„Ist das noch Kunst oder kann das weg?“

Die meist eher rhetorische Frage ist ursprünglich wohl auf die unbeabsichtigte Entsorgung von Kunstwerken des deutschen Künstlers Joseph Beuys bei einer Feier im Museum für Gegenwartskunst in Leverkusen im Jahr 1973 zurück zu führen. Immer wieder hört man bis heute diese Fragestellung, welche die Divergenz von Haltung und Meinung zu Kunst widerspiegelt – oftmals dadurch verschärft, wenn noch entsprechende „Preisschilder“ für Kunstwerke genannt werden. Die Diskussion wird gerade um einen Bereich erweitert – die Krypto Kunst.

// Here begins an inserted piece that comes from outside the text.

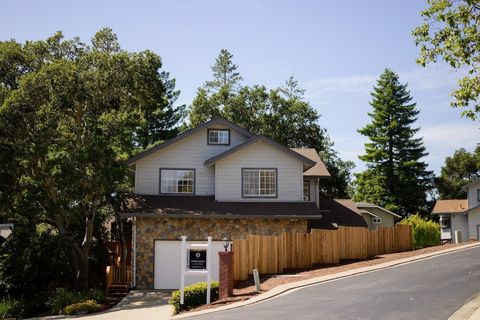Photo of 131 Viki Court, SCOTTS VALLEY, CA 95066 (MLS # ML81963209)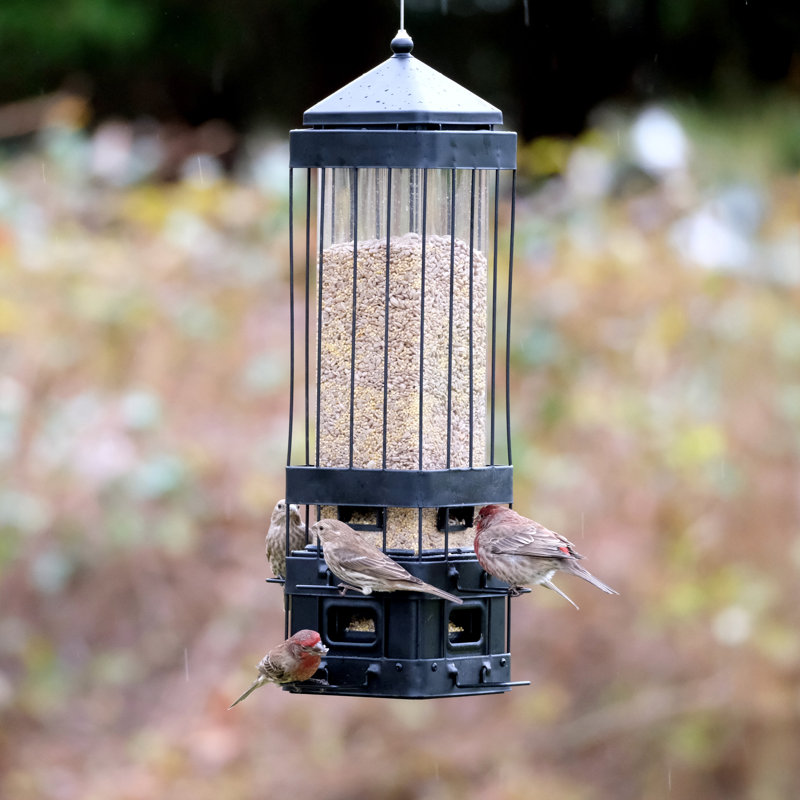 Mangeoire à cage Squirrel Shield Advantage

In Pandemie-Zeiten boomt das Online-Leben und so ist in diesem Jahr auch eine enorm steigende Nachfrage nach digitaler Kunst zu beobachten.
In diesem Zusammenhang taucht der Begriff „Non Fungible Token“ (NFT) auf, der eine „nicht austauschbare Wertmarke“ bezeichnet und eine Art digitales Echtheitszertifikat zur Unterscheidung von Original und Kopie eines am Computer erstellten Kunstwerkes ausdrückt. Der NFT als geschützte Datei ist in der Architektur einer Blockchain (einer stets erweiterbaren Liste von Datensätzen) hinterlegt; die generierten Bilder sind im Internet weiter frei zugänglich, aber das Original und somit den Eigentumsanspruch besitzt nur derjenige mit dem Zertifikat. Spöttisch könnte man sagen, dass man mit einem NFT an sich nichts machen kann – außer angeben, dass man ihn besitzt. Auf bestimmten Online-Marktplätzen können NFTs gehandelt werden, i.d.R. wird dabei mit einer Krypto-Währung gezahlt.

Die Technologie der NFTs gilt als eine der größten Trends in diesem Jahr. Sicherlich auch damit zu erklären, dass in dieser Form eine ganz neuartige Verknüpfung von Krypto-Hype mit der Kunstwelt entstanden ist. Zur ersten Hälfte des Jahres 2020 wurden NFTs im Wert von 12,1 Mio. EUR verkauft. Dass wohl auch der Kapitalmarkt von NFTs nicht verschont bleibt, lässt sich daran erkennen, dass diese neue „Kunst-Technologie“ bis zum Ende des dritten Quartals 2021 Umsatzzahlen von ca. 9,5 Mrd. EUR aufweist. Ein weiterer drastischer Anstieg gilt als sicher.

Als das bislang teuerste NFT der Welt wurde im März 2021 das digitale Kunstwerk Everydays: the First 5000 Days des US-Künstlers „Beeple“ für mehr als 69 Mio. US-Dollar von dem Auktionshaus Christie’s versteigert. Damit ist es das drittteuerste Kunstwerk eines noch lebenden Künstlers, das jemals bei einer öffentlichen Auktion versteigert wurde.

Zur ersten Generation der Blockchain-Kunst gehören die CryptoPunks. Diese entstanden 2017 aus einem Computer-Programm, welches Software-Entwickler so konfiguriert hatten, dass willkürlich 10.000 fiktionale Charakterköpfe als kleine Grafiken (24 mal 24 Pixel) entstehen sollten. Im Juni 2021 erzielte Nr. 7523 mit 11,75 Mio. US-Dollar den bislang höchsten Verkaufspreis eines Punks aus dieser Serie. Vielleicht passend zur Pandemie war es das Pixel Bild mit OP-Maske.

Der größte NFT-Markt ist momentan der für Sportsammelkarten (führend hierbei die US-Basketball-Profiliga NBA). Eine Vielzahl von Bereichen haben sich bislang in unterschiedlicher Form dem NFT-Markt angeschlossen: Hersteller von Sportwagen, Sneaker, Designerkleidung, große Sportclubs und angesagte Musik-Stars sind nur einige. Auch Tier- und Artenschutz wird derzeit über den Verkauf von „NFAs: Non Fungible Animals“-Kunstwerken betrieben. Für den Einsatzbereich von Kryptokapital in welcher Form auch immer scheint es schier keine Grenzen zu geben.

Ob es nun einfach ein verpixeltes Bild ist oder doch Kunst und wenn, wieviel ist sie wert, darf jeder für sich selbst beantworten. Bei vielen Hypes ist der Begriff „spekulative Blase“ sicherlich treffend angeführt – aber auch an den Kapitalmärkten ist Spekulation bekanntlich stets ein treuer Begleiter.